Na+, K+ ATPase is a plasma membrane protein responsible for the active extrusion of sodium ions and accumulation of potassium ions in the cell. This maintains the concentration difference in side and outside the cell which is essential for vital functions such as action potentials in neurons. It is a two subunit transmembrane complex. ATP binding occurs on the cytosol (inner) side. It is inhibited by cardiac glycosides such as oabain and digitalis by binding on the extracellular surface of the protein.
Ca2+ ATPase Calcium transporter in muscle sarcoplasmic reticulum and mitochondria.
Gastric H+,K+ ATPase Responsible for maintaining acidity in the stomach.
Vacuolar H+ ATPase Bone remodeling osteoclast proton pump.
MDR ATPase Peptide and drug transporting protein responsible for multidrug resistance in bacteria and cancer cells.
ATP Synthase Complex V of the mitochondrion (also F1F0-ATPase
or mitochondrial H+-ATPase).
The final step in the electron transport/oxidative phosphorylation chain.
Enzyme responsible for ATP production (phosphorylation of ADP) at the mitochondria
inner membrane. It uses the H+ gradient
between matrix and intermembrane space of mitochondria created by the preceding
steps in the chain.
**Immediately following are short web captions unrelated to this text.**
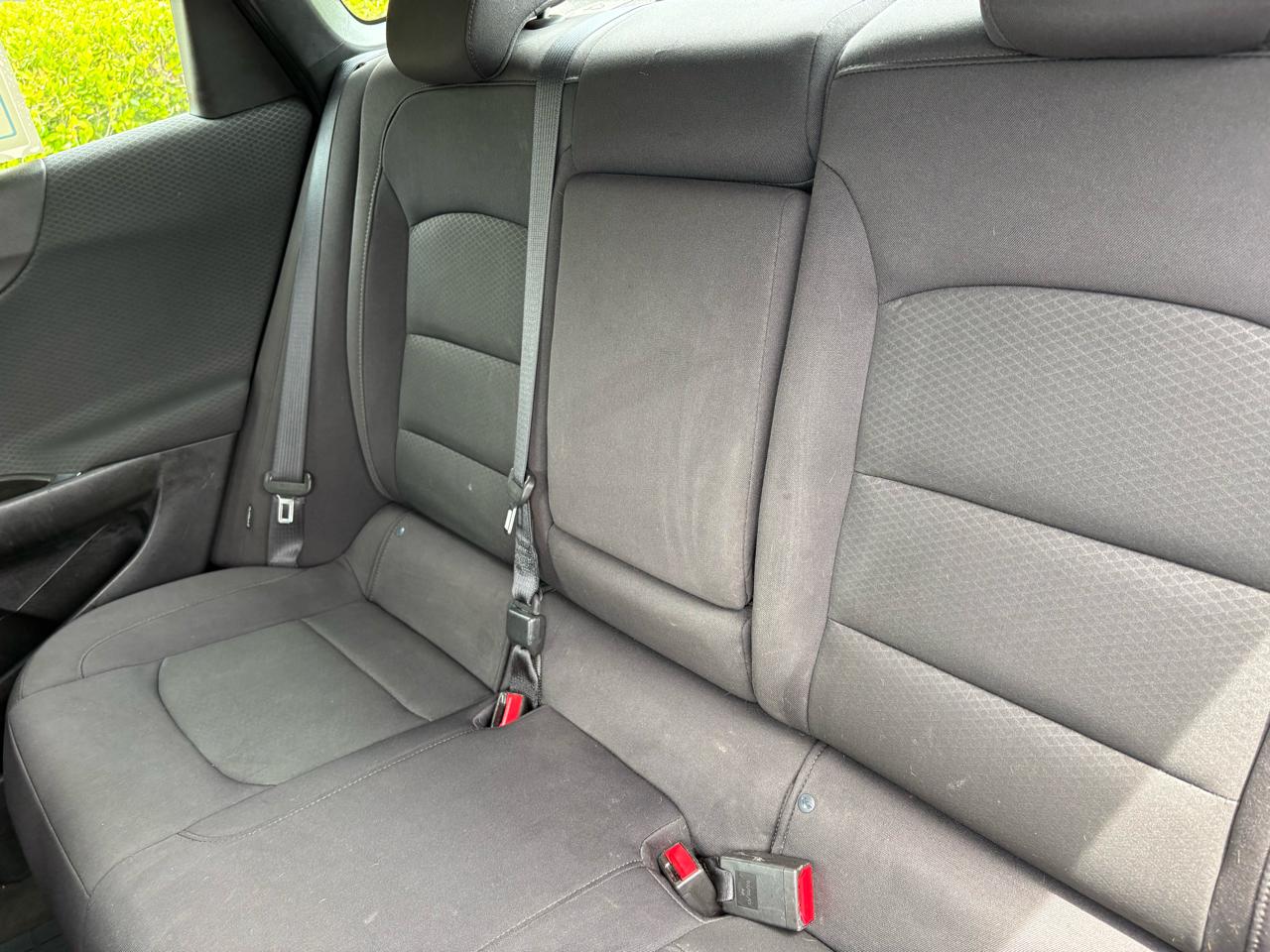 Chevrolet Malibu 4dr Sdn LT w/1LT 2017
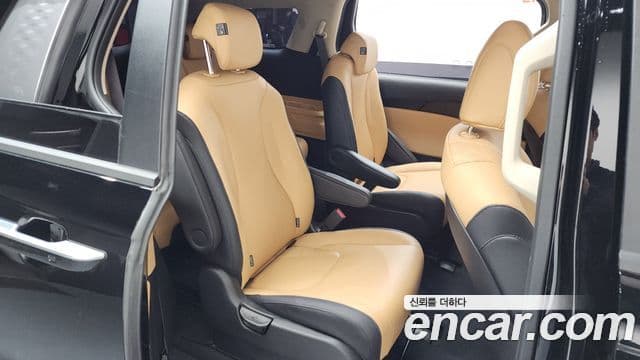 Kia Carnival 4세대 Prestige, 2023 12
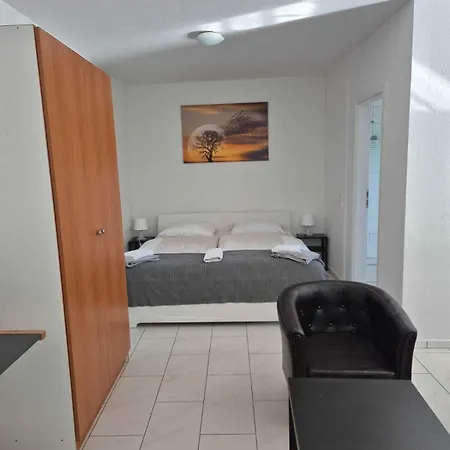 Seckbach Guest house Frankfurt am Main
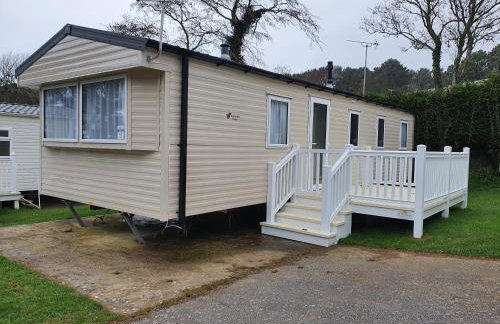Cozy 3 bedroom Caravan, Sleeps 8, at Parkdean Newquay Holiday Park - Foto 6
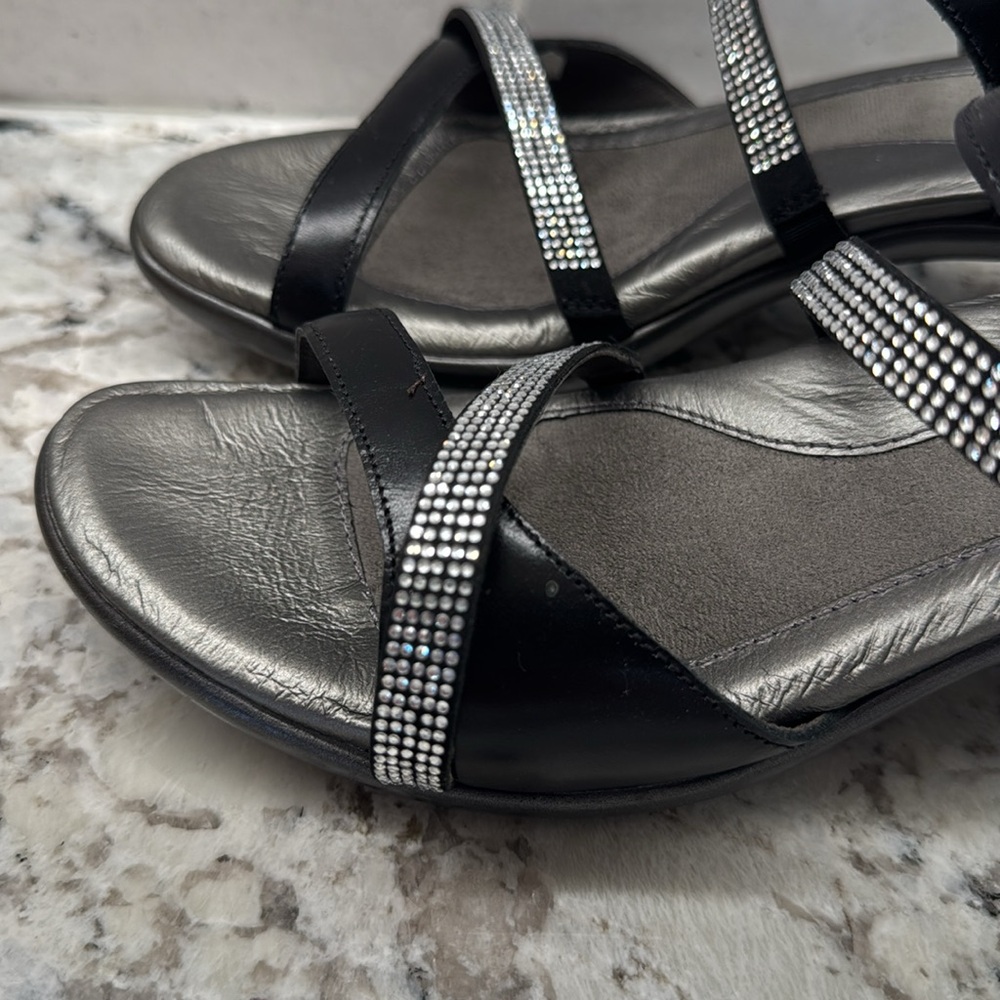 Naot Black Women's Strappy Rhinestone Sandals a Size 7 - Picture 3 of 9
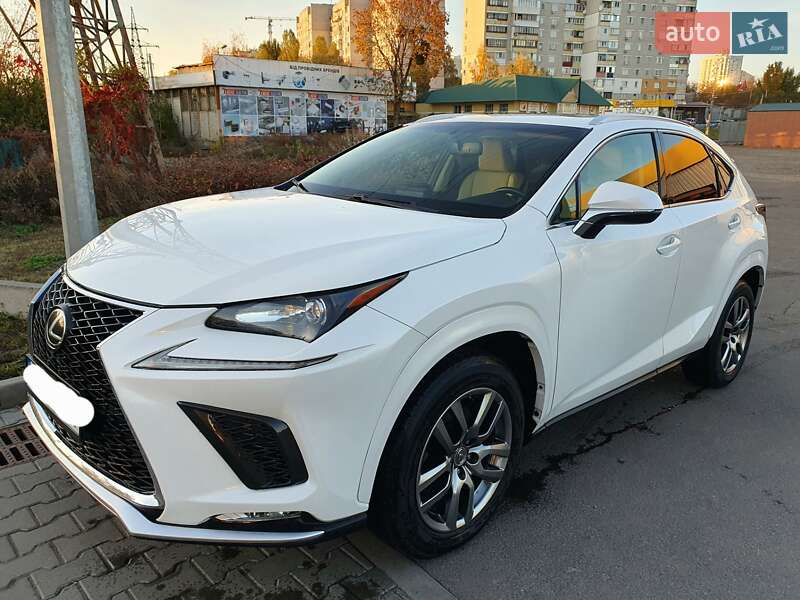 Lexus NX 2016
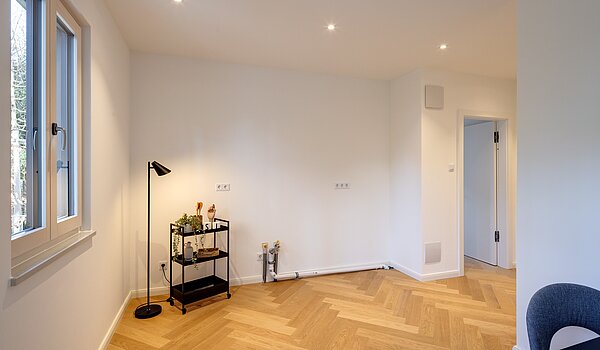 露台公寓 与 3 房间 | München-Harlaching | 70371 | Offene Küche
A proton (H+) driven stator-rotor mechanism of protein subunits is postulated to
cause protein conformational changes in ADP binding subunits causing phosphorylation to ATP.
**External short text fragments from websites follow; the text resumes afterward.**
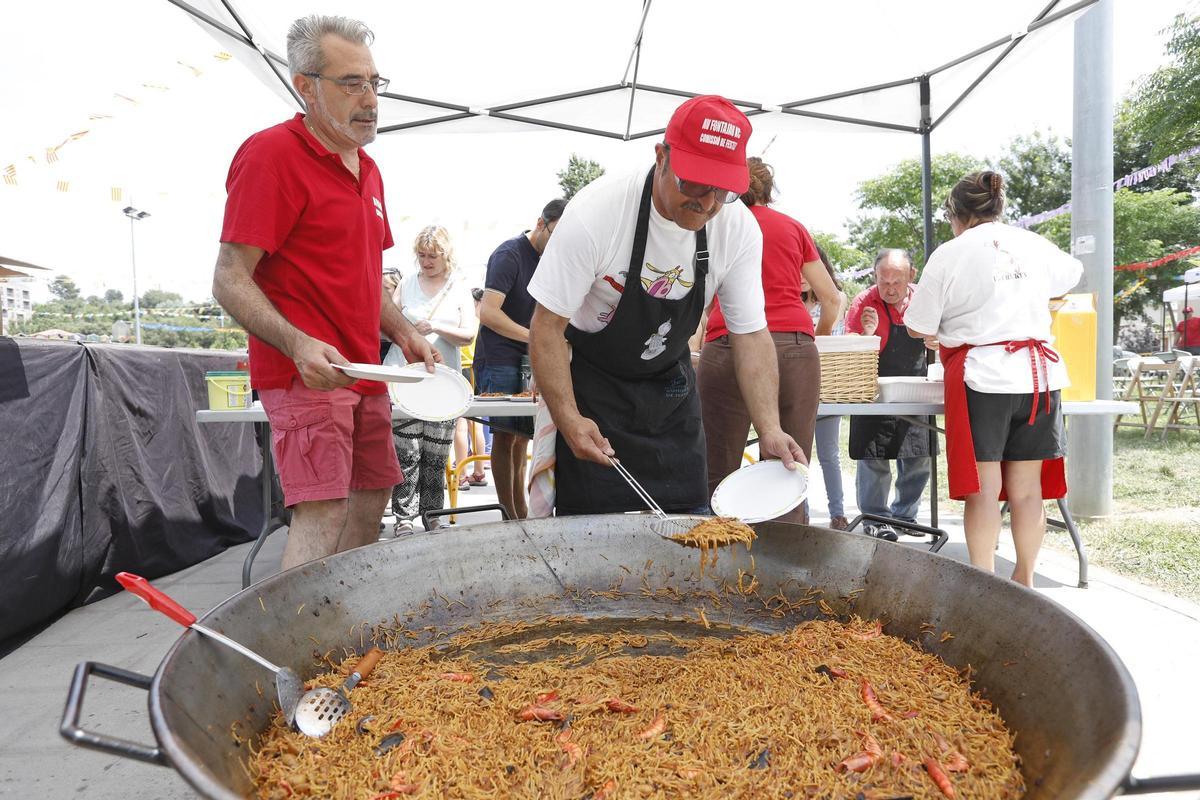 Una fideuà de Festa Major dins els actes de Festa Major del Barri de Fontajau de Girona.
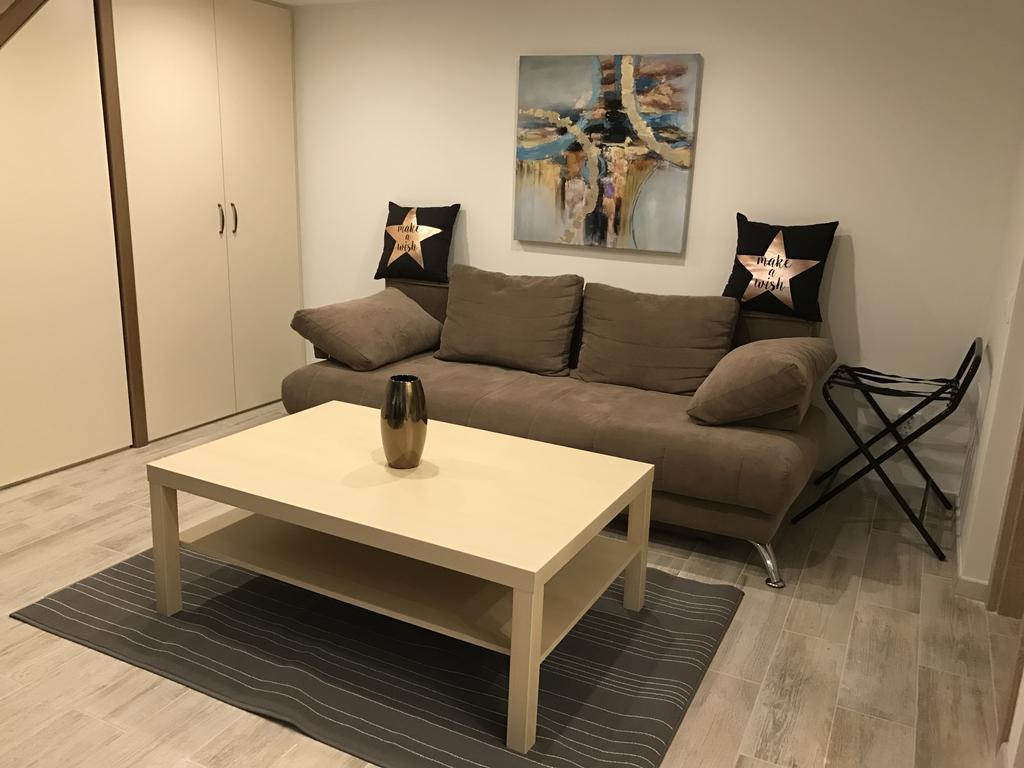 Goldcentral Apartment Gozsdu Budapest Esterno foto
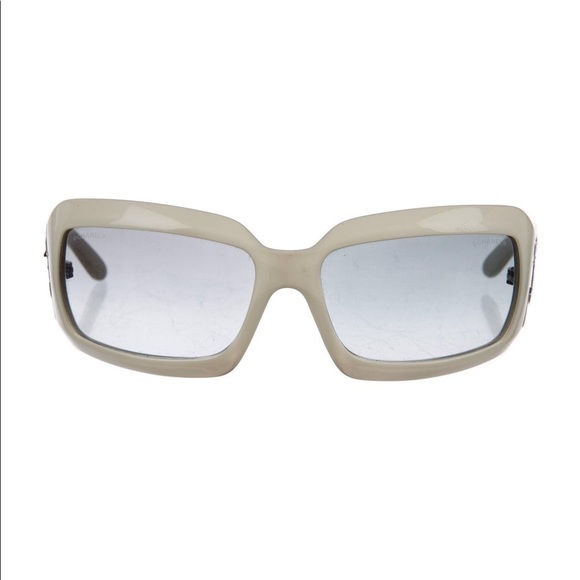 Oversized Chanel Sunglasses - Picture 1 of 3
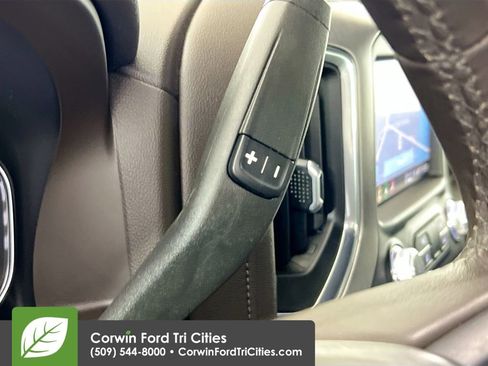 Used 2022 GMC Sierra 3500 Denali w/ Technology Package image 10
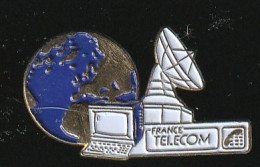 76492-Pin's.France Telecom.Orange.Satellite.signé Pin's Limited France. - Telecom De Francia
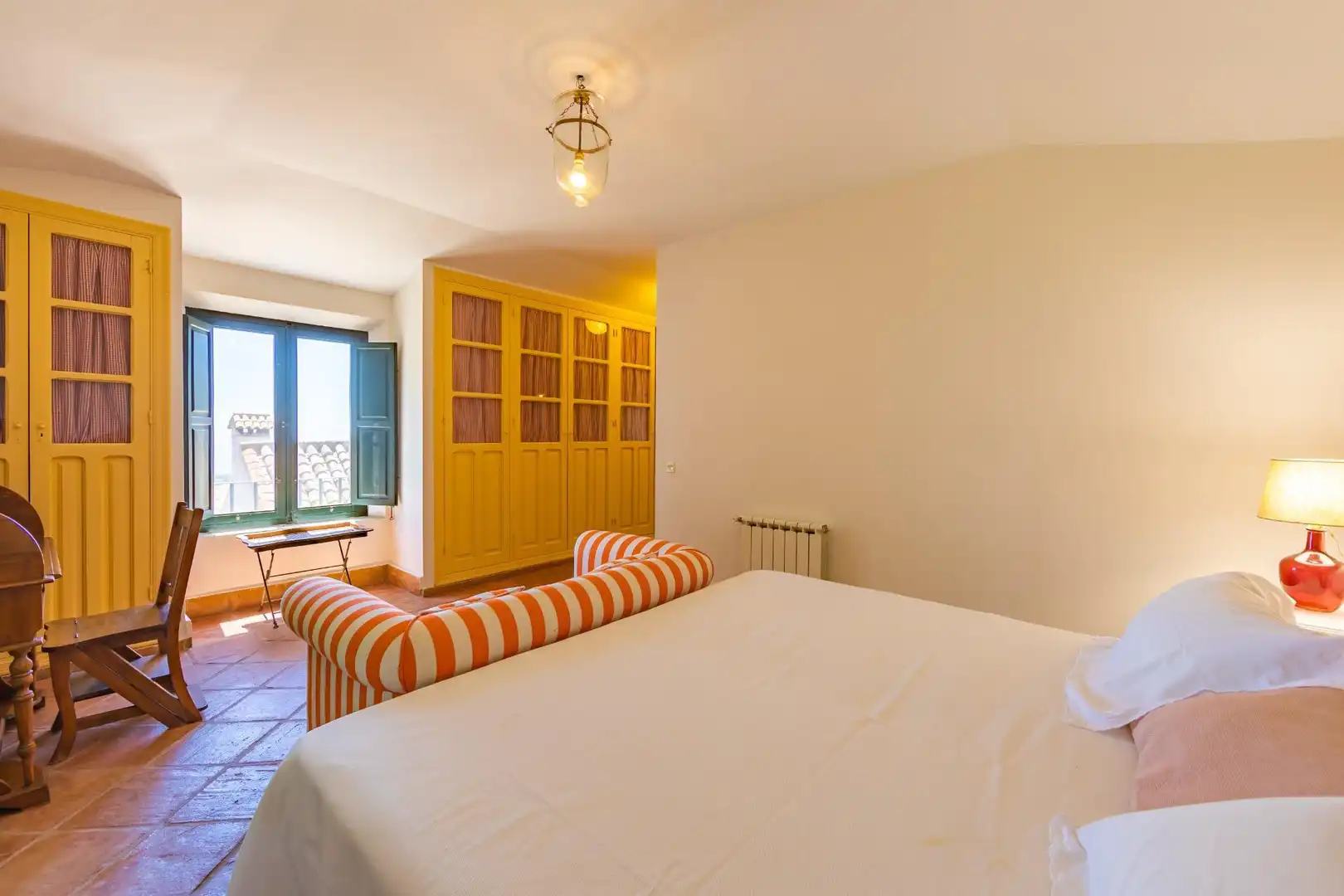 Schlafzimmer von Country house zum Verkauf in Tarifa mit Heizung und Gemeinschaftspool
Inhibitors are oligomycin and dicyclohexylcarbodiimide (DCCD) both blocking proton flow through the
hydrogen channel, F0.
Two of its subunits labelled 6 and 8 by geneticists are coded by mitochondrial DNA.
Subunit 6 is coded for by mitochondrial DNA nucleotides 8527-9207.
Leigh syndrome is associated with point mutations at mtDNA position 8993 affecting ATP synthase subunit 6. This probably interferes with the hydrogen channel of ATP synthase.
One LHON family has also been described with a mutation at mtDNA nucleotide position 9101. see OMIM 516060, also Complexes of the electron transport chain
^ Atrophy, Optic (OA) or Optic Neuropathy includes various specific diseases causing degeneration of the optic nerve. The most common of the inherited forms is the mitochondrial inherited Leber Hereditary Optic Neuropathy (LHON) also named Leber Optic Atrophy typically affecting young adults, especially males . Other congenital (from birth) or early childhood forms are dominant OA, X-linked OA or others associated with syndromes of other organ defects e.g Wolfram, De Morsier septo optic dysplasia, Spastic Paraplegia Syndrome, PEHO, Optic Atrophy 3, Hallervorden-Spatz, etc.
Ahmad SS, Kanukollu VM. Optic Atrophy. 2020 Aug 11. In: StatPearls [Internet]. Treasure Island (FL): StatPearls Publishing; 2020 Jan–. PMID: 32644556.
OMIM Optic Atrophy search
^ Axon Cellular process carrying nerve signals (action potentials) from the cell body to the synapse.
^ Axon Transport or Axonal transport or Axoplasmic_transport System of moving organelles like mitochondria and vesicles along axons using the microtubule cell endoskeleton. Transport speeds of 2 to 5 micrometers/second are possible. Cytosolic dyenin proteins move organelles and vesicles from the plus end of a microtubule to the minus end - in an axon from the synaptic terminus to the cell body. Kinesins effect movement the other way from minus to plus resulting in outward movement. Since the axons of the optic nerve are relatively long as they pass from the ganglion cell layer to the lateral geniculate nucleus any problem affecting axon transport is potentially serious to the well being of the optic nerve. Defects in this mechanism are one speculated pathway of optic nerve degeneration in some diseases.